If-Then: The basic conditional, if a then b means if a is true then b is also true. It says nothing whatsoever about what happens if a is false; b could be false or it could still be true. If a then b is only false if a is true and b is false. If both are true or if a is false, then if a then b is true. Also remember that no causality is implied.
Example true if-then statements:
If Barack Obama is President, then Canada is north of the United States. (both true)
If Republicans controlled Congress, then the infamous FISA bill passed. (if false then true)
If Obama is a secret Muslim, then John McCain is President. (both false)
Example false if-then statement:
If Barack Obama is President, then racism is dead. (if true then false)
Only if: This one takes some thought to figure out. It's counterintuitive, but a only if b actually means if a then b. The difficulty comes in because in the translation, the causality seems to be reversed - but remember, there is no causality.
True only if statements:
Americans will only have full civil rights if gay and lesbian couples may legally marry. (means: If Americans have full civil rights, then gays and lesbians can marry. Does not mean that if gays and lesbians can marry, Americans have full civil rights; one can easily imagine a future in which same-sex marriage is allowed but transgendered persons are still denied their rights.)

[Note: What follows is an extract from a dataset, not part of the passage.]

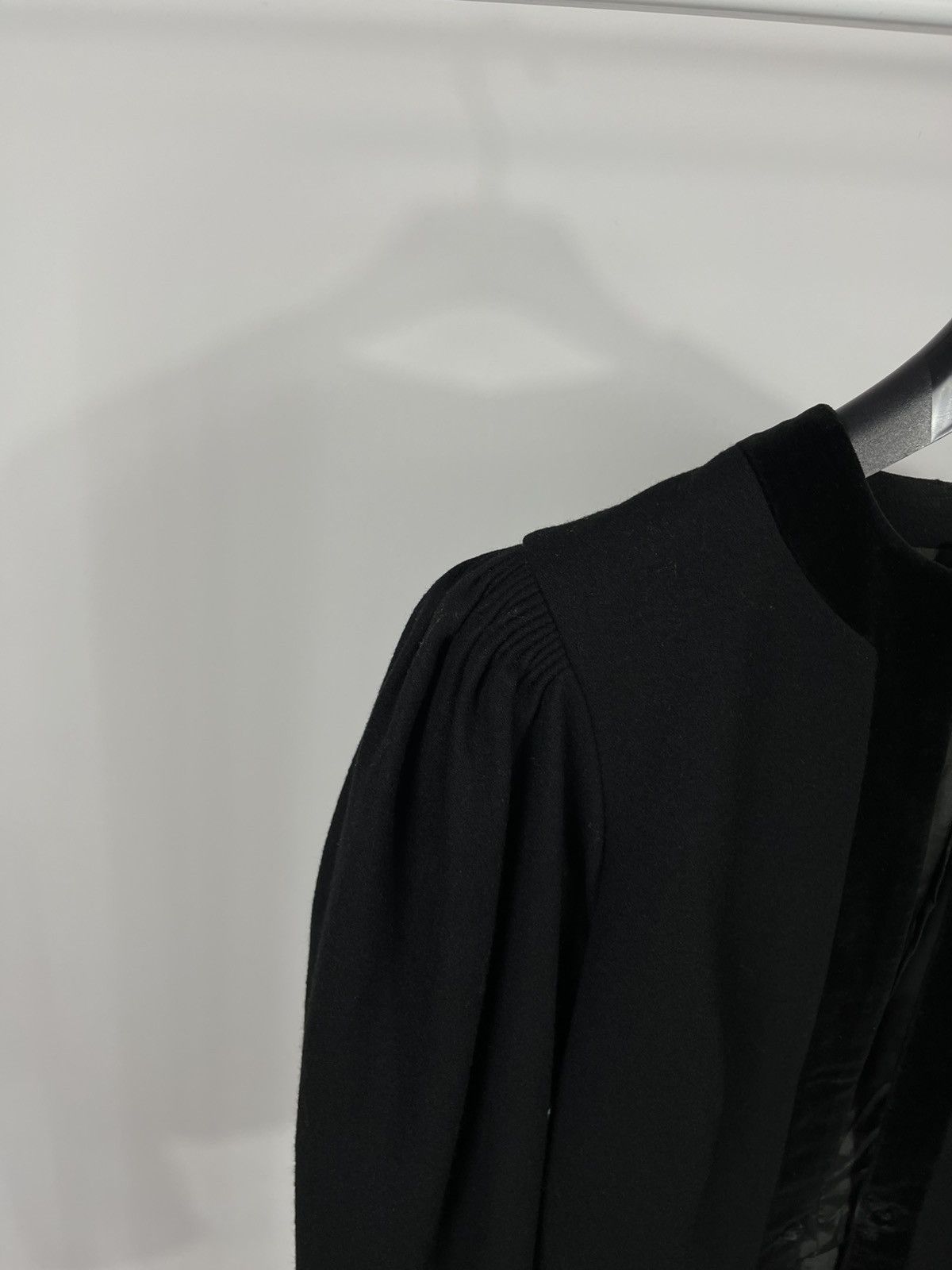 Vintage Vintage Black Cropped Wool Jacket with Velvet Trim Size XS / US 0-2 / IT 36-38 - 3 Thumbnail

Hillary Clinton will be President in 2009 only if Americans are willing to vote for a candidate who is not a white man.
False only if statement:
Barack Obama is only the President if he had his hand on the Bible when he was sworn in the second time.
If and only if: The biconditional, a if and only if b, means "if a then b AND if b then a." It is true if both a and b are true or if both are false, but false if one is true and the other false. "If and only if" is occasionally abbreviated "iff," which is one of the few conventions of notation in this field that I actually like, but I will refrain from using it here as it can be read as a typo.
True if and only if statements:
Barack Obama is President if and only if the Earth orbits the Sun.
John McCain is President if and only if the Sun orbits the Earth.
Arguments: An argument in logic is a series of statements that are asserted to be true (the premises) followed by a final statement asserted to follow from the premises (the conclusion). An argument is valid if and only if the conclusion does in fact follow from the premises. An argument can be logically valid whether or not anything in it is actually true; the important thing is the structure of the argument.
Example valid argument:
There can only be a unicorn in my bathtub if unicorns exist.
Unicorns do not exist.
Therefore, there is not a unicorn in my bathtub.
Example invalid argument:
If there is a unicorn in my bathtub, then unicorns exist.
There is not a unicorn in my bathtub.
Therefore, unicorns do not exist.
(note: this is the fallacy of the converse. We'll talk about both converses and fallacies thereof in the next installment.)
I'm sorry this part was a little dry; unfortunately, all the definitions are necessary so that when we start talking about more complicated arguments we can be certain that we're all speaking the same language. In Logic Part 2, I hope to discuss the rules for constructing and evaluating formal logical arguments, which should be much more interesting. I'll also try to touch on informal logic (the logic of language) and some of the fallacies unique to it. Thanks for reading!